Fabrication of practical catalytic electrodes using insulating and eco-friendly substrates for overall water splitting†
Abstract
The development of efficient and cost-effective catalytic electrodes is of great importance to electrolysis. Herein, a strategy of fabricating practical catalytic electrodes by depositing conductive catalysts on inexpensive and easily accessible insulating substrates of paper, textiles and sponge has been realized and well developed. These electrodes are found to be highly active toward overall water splitting.
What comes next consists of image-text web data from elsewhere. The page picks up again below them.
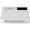 Hotpoint Ariston Lavatrice carica dall'alto 6 kg WMTG 626BS IT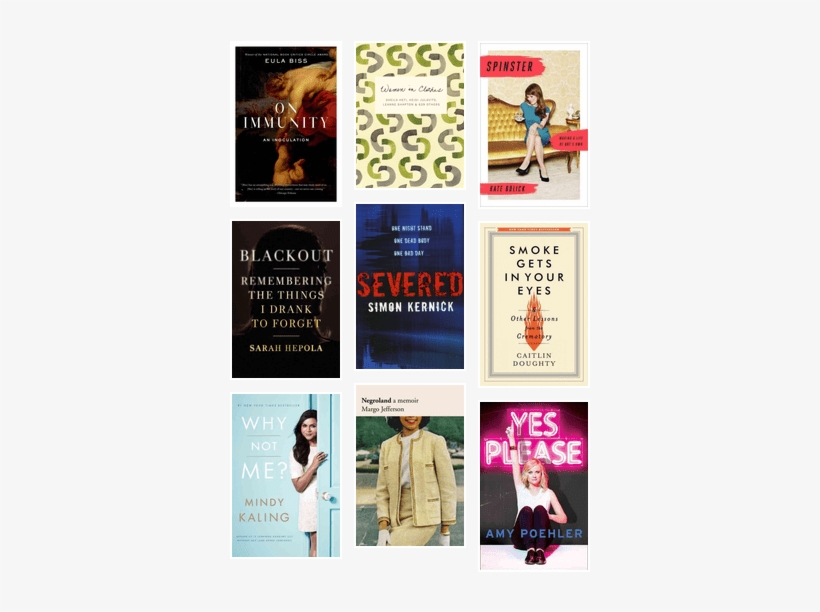 Yes Please, transparent png download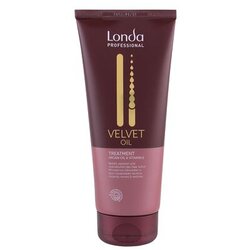 Londa Professional Velvet Oil maska za lase 200 ml Cene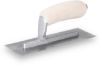 Picture of Marshalltown 11 8X3 Midget Trowel Part# - 13105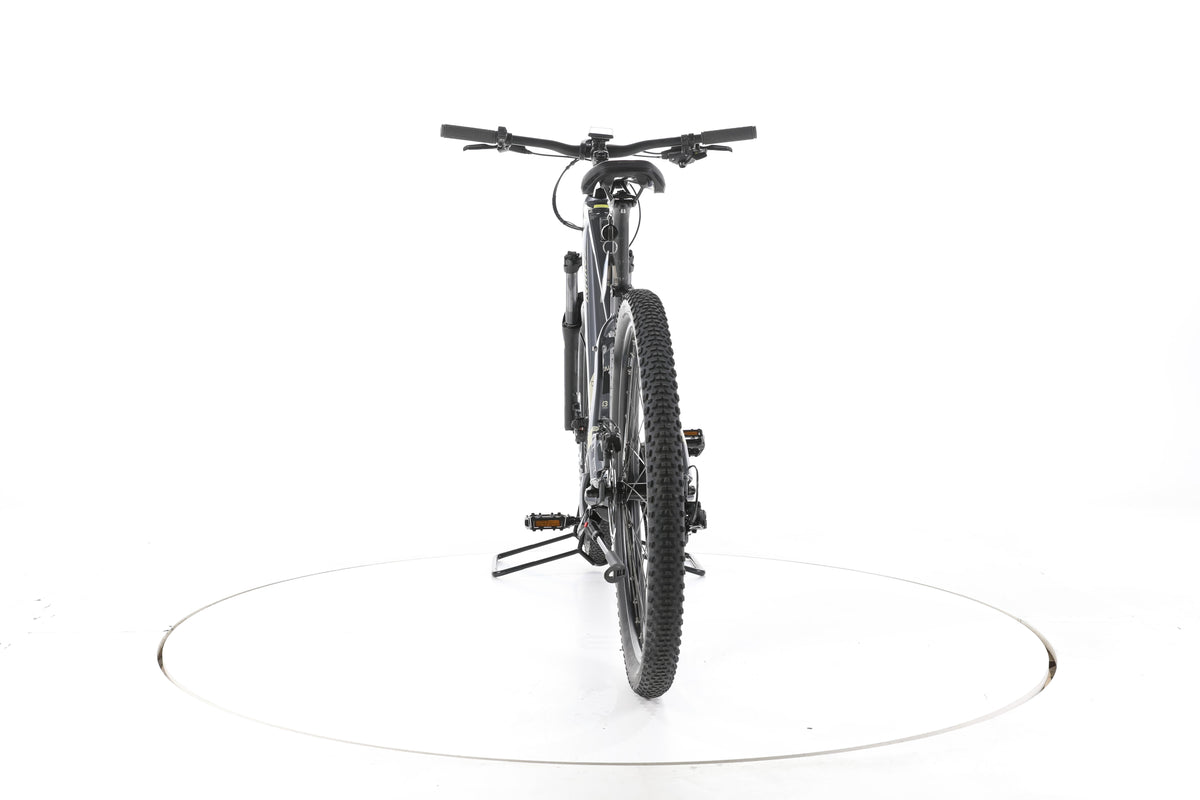 Conway Cairon S 2.0 E-Bike - Image 10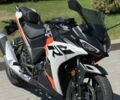 Лифан Другая, объемом двигателя 0.2 л и пробегом 0 тыс. км за 1550 $, фото 1 на Automoto.ua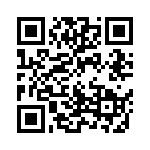 12063C333JAT2A QRCode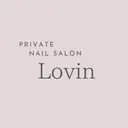 Nail Salon Lovinのプロフィール画像
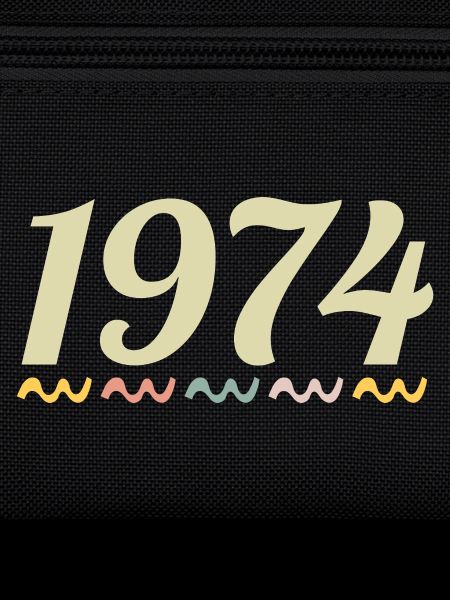 1974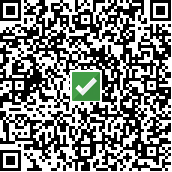 Healthcare Providers Similar to 1548237134 NPI Number | NPI Registry | www.DataLabs.Health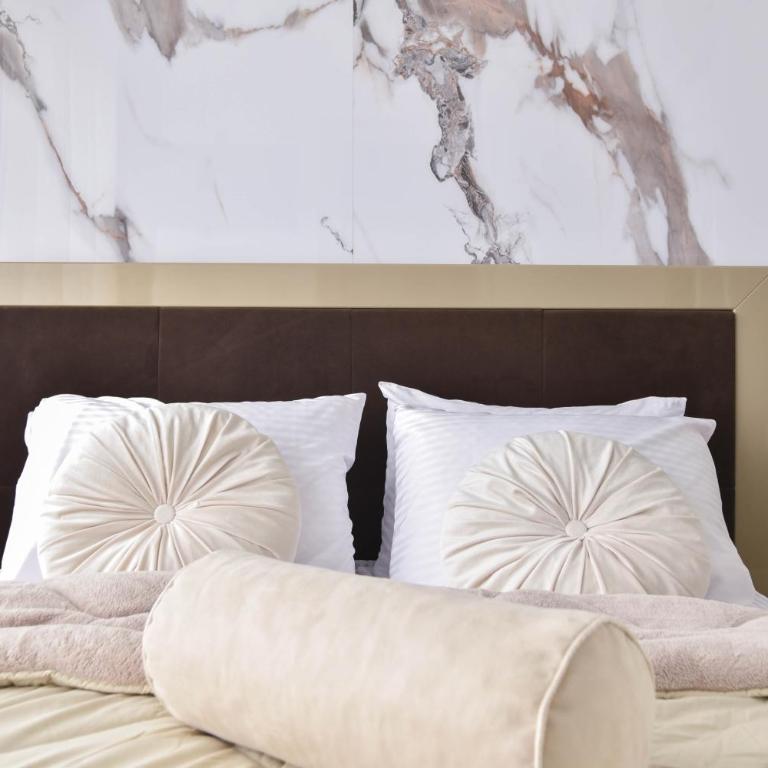 PREMIUM Tre canne apart "B" - Apartman sa 2 Spavaće Sobe - 10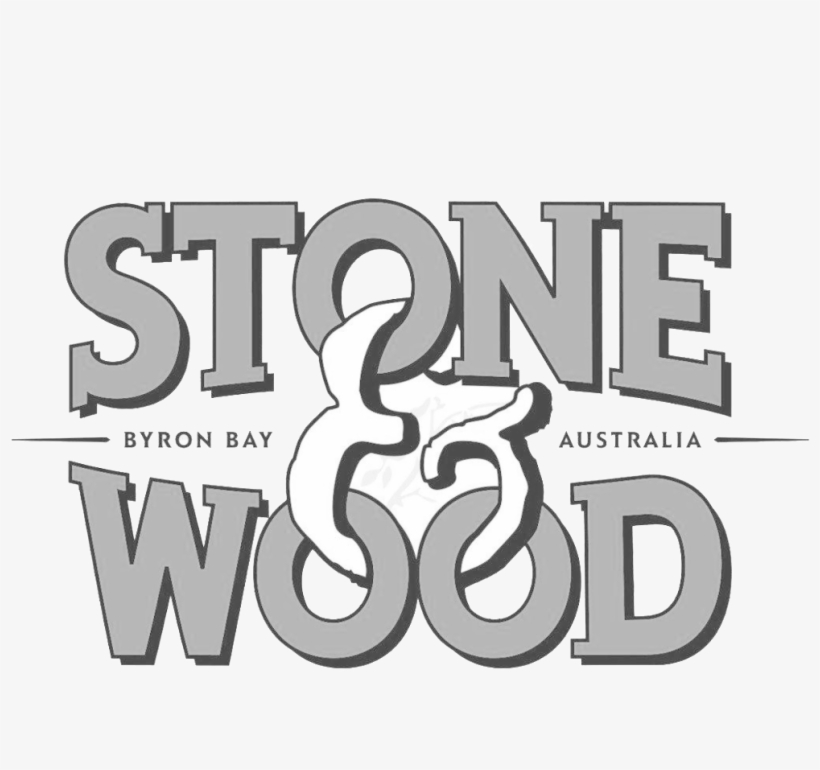 Sw Logo Cmyk Hops-1024x1024, transparent png download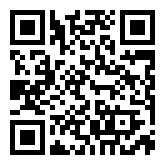 http://www.wlinfor.com/post/49075.html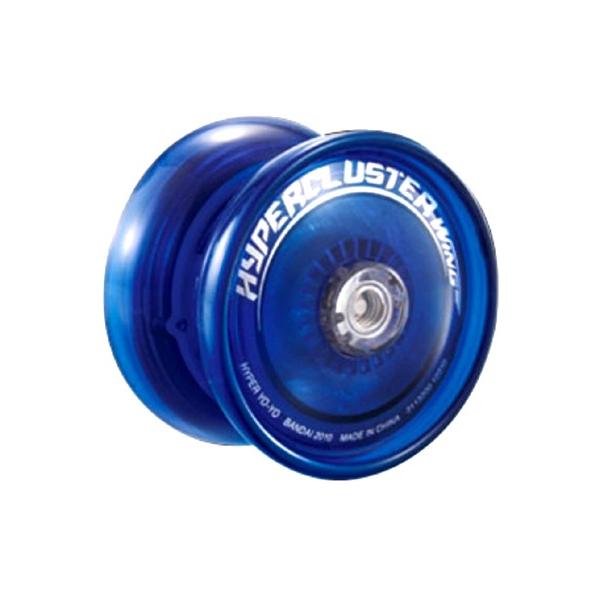 toys-selection_4543112650306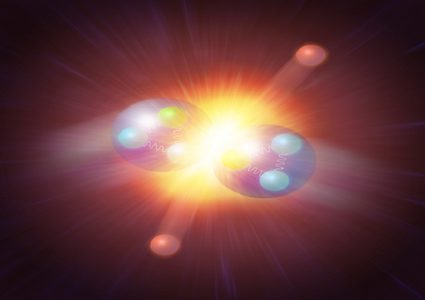 فيزيائيون يتوصلون إلى اكتشاف يمكنه اختبار قوانين الطبيعة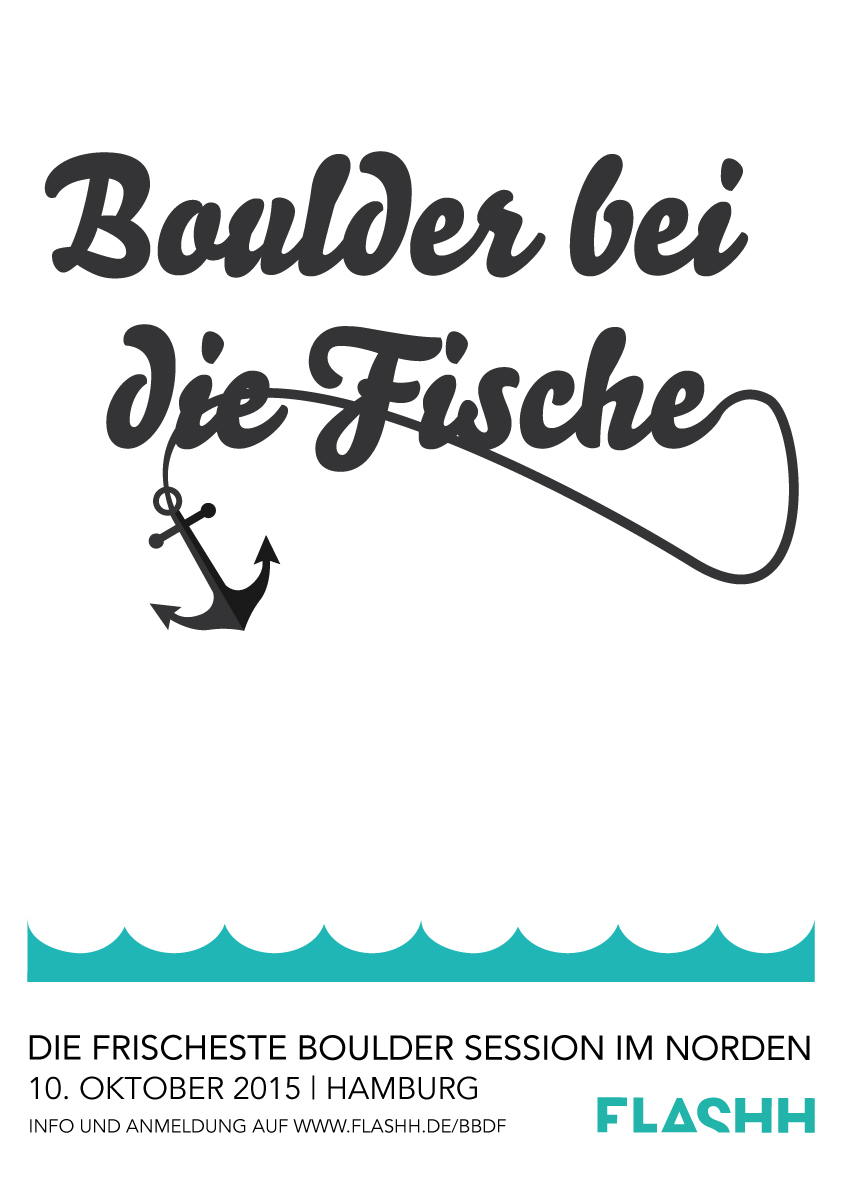 BBDF_Postkarte_Web.png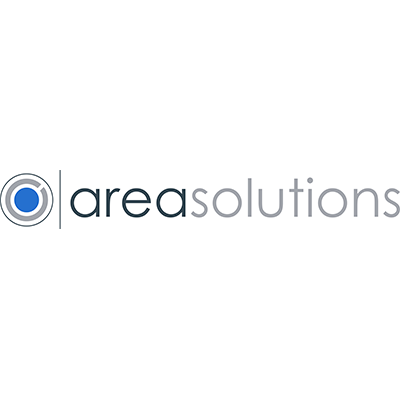 areasolutions gmbh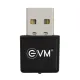 EVM USB WiFi Adapter 300 Mbps (USBD-02)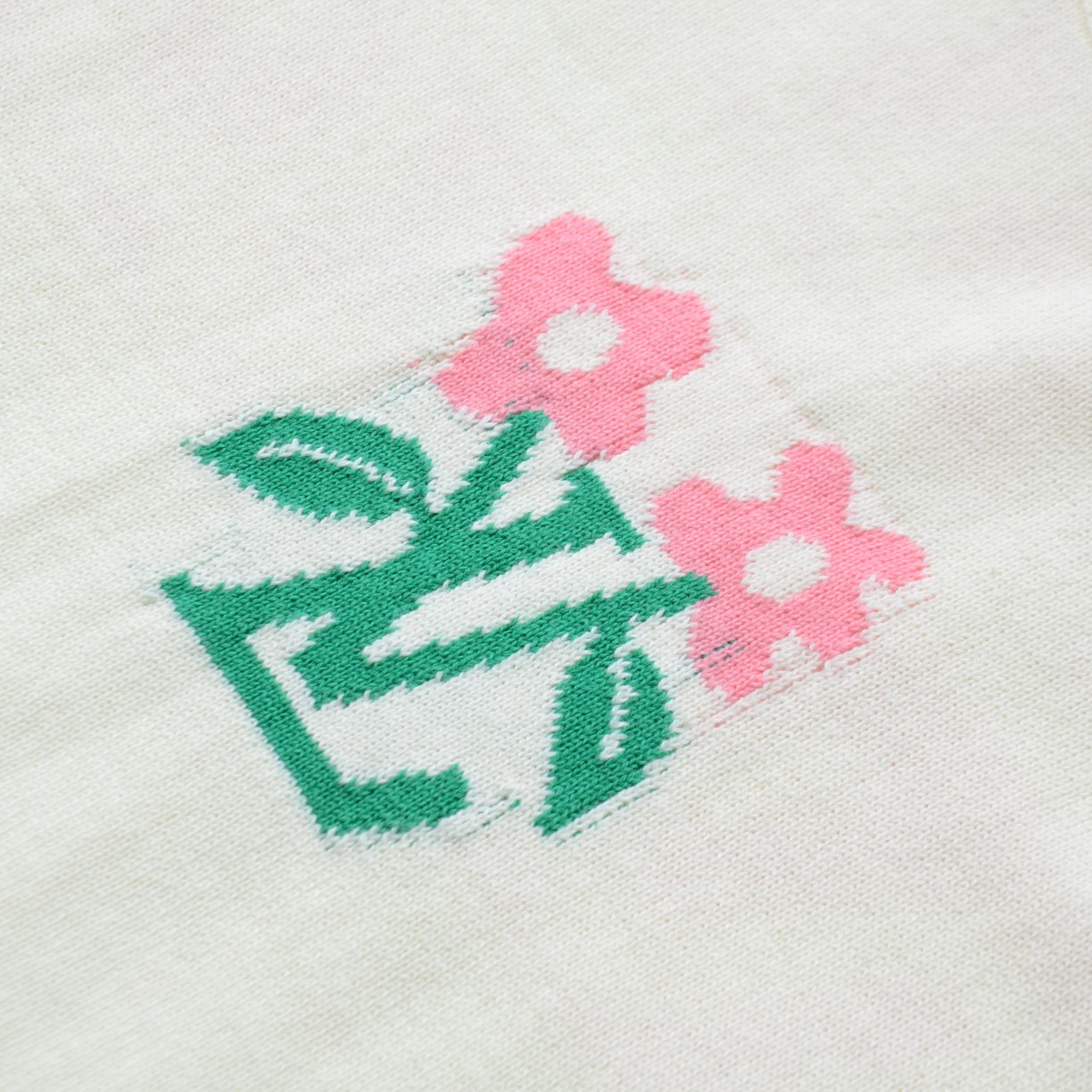 L T-Shirt New Arrival 0202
As a distinctive example, the Ni–P–B/paper electrode affords 50 mA cm−2 at overpotentials of only 76 mV for the hydrogen evolution reaction and 263 mV for the oxygen evolution reaction, and can survive at large current density of 1000 mA cm−2 for over 240 h without apparent performance degradation in 1.0 M KOH. A two-electrode cell constructed by this paper electrode, which is only 1/5 the weight of a traditional metal electrode, delivered 50 mA cm−2 water-splitting current at a cell voltage of only 1.661 V, rivalling the integrated state-of-the-art Pt–C/Ni and IrO2/Ni electrode. Moreover, a functional Ni–P–B/paper ring electrode with in situ separation function has been constructed, enabling simultaneous generation, separation and collection of hydrogen and oxygen. This discovery may enable a large extension toward practical catalytic electrodes that are also active, cheap, light, flexible, earth-abundant and recyclable.